In this composition Stojowski shows himself to be a daring composer. His harmonies are bold, even shocking at times, and clearly signify the composer’s advance into the language of twentieth-century modernism. The penultimate chord in the coda, for example, is a ninth chord with an augmented fifth which contains a whole-tone pitch collection. Played in the piano’s lower register, this dissonant chord has a stunning jazz-like effect.
The theme is written in the unusual metre of 7/4. This technique, however, appears to have more in common with the written-in rubato typical of Brahms than with an effort to impress the listener with effects associated with mixed metres. In the sixth variation there is the simultaneous use of 20/16 metre in the right hand with 4/4 metre in the left hand. In fact, this is merely an alternate way of notating an effect which other composers before him had simply rendered as five against four.

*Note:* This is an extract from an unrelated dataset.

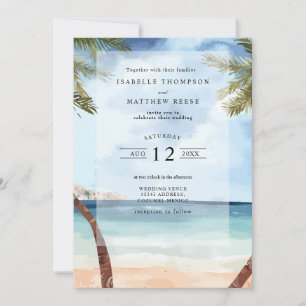 Invitation Aquarelle Cozumel Plage tropicale Mariage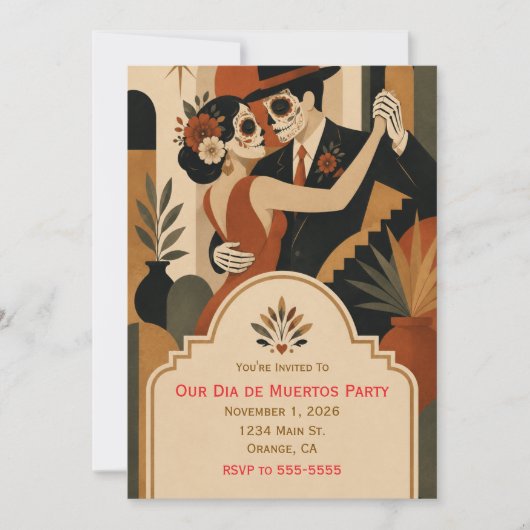 Uitnodiging voor een Dia de Muertos-feest (Voorkant)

In the ninth variation, Stojowski unexpectedly throws off modernist conventions and returns to his Romantic roots in a movement highly reminiscent of Chopin’s Prelude in B flat major, Op 28 No 21, with its style of a nocturne. At the end of the tenth and final variation, Stojowski uses harmonics by instructing the performer to hold an arpeggiated chord with the sostenuto pedal, depress the keys of certain notes without striking the strings, and then suddenly clear the pedal. This results in a barely audible harmonic effect, possibly only appreciated in the auditorium’s front row. A similar effect was earlier achieved by Debussy and Schoenberg.
The subject of the fugue, which begins in E minor, is derived from the original theme.